▶ Problem details:
For the entries that follow, set down each one exactly and drop any pictures.

Captioned web images:

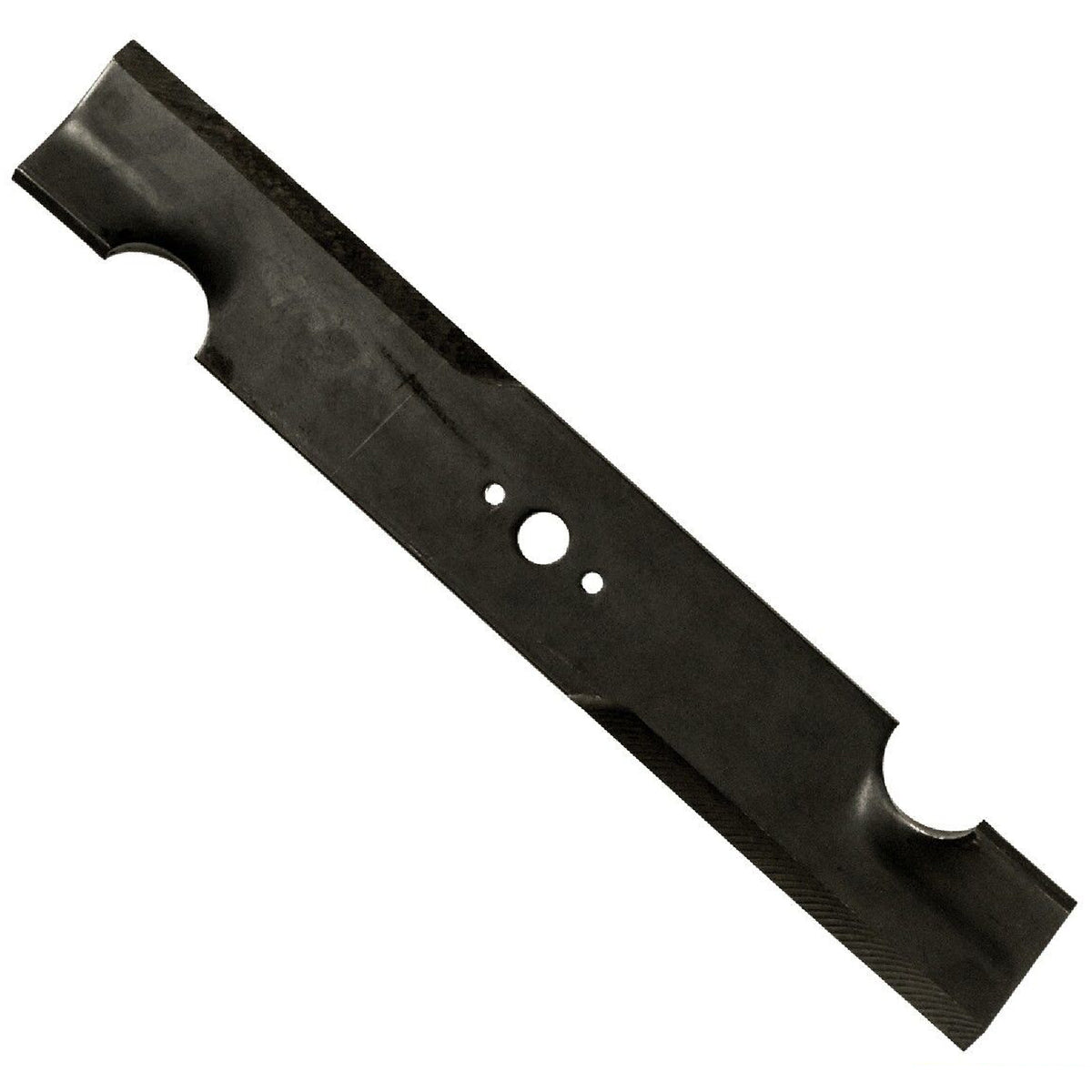 Ariens 04919100 Blade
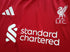 2025/26 Liverpool Home Football Shirt (4XL) *BNWT*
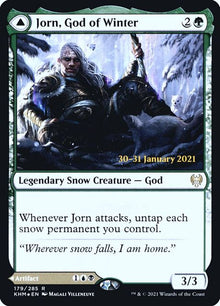 179s-jorngodofwinterkaldringtherimestaff-a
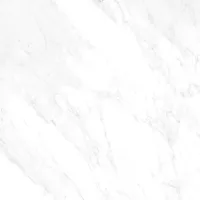 Gạch Prime 03.600600.09384 60x60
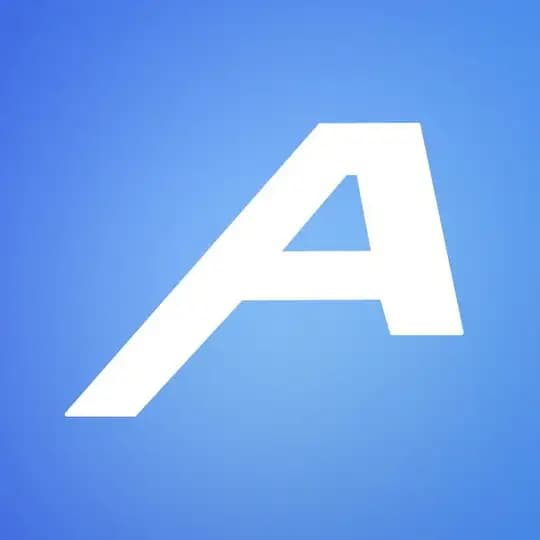 Axiome | EN 🇬🇧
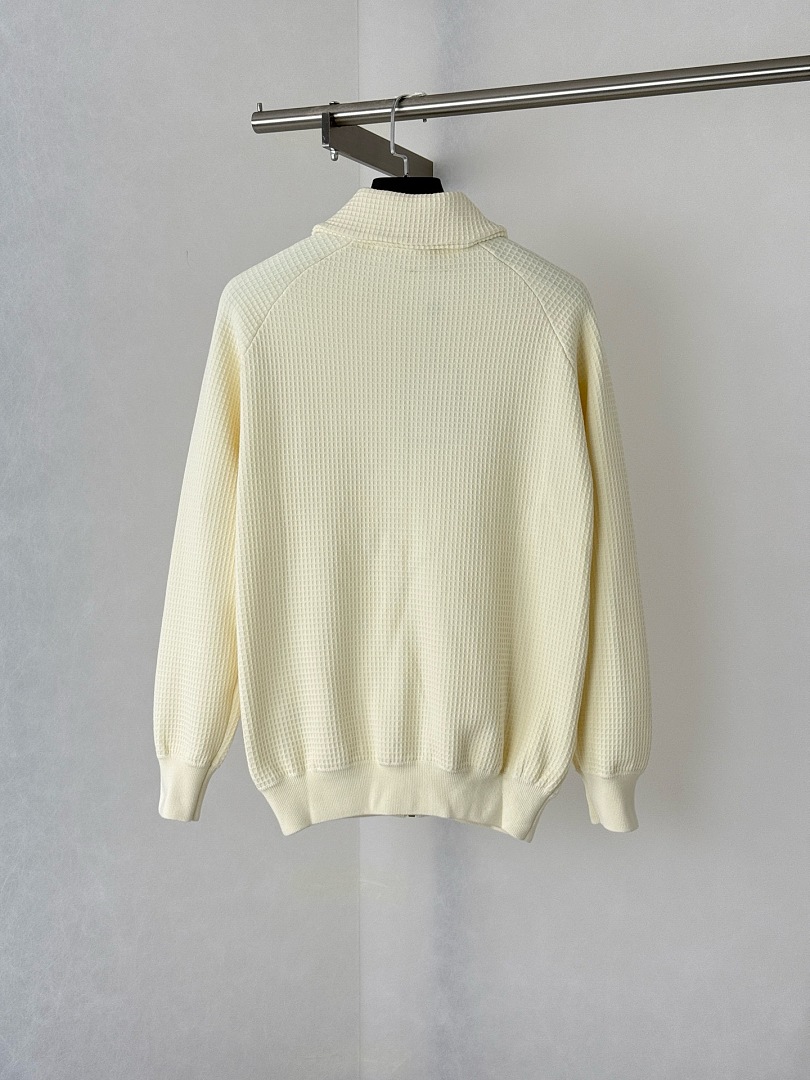 Unbranded 3276-2L - Image 5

▶ Task answer:
 Ariens 04919100 Blade
 2025/26 Liverpool Home Football Shirt (4XL) *BNWT*
 179s-jorngodofwinterkaldringtherimestaff-a
 Gạch Prime 03.600600.09384 60x60
 Axiome | EN 🇬🇧
 Unbranded 3276-2L - Image 5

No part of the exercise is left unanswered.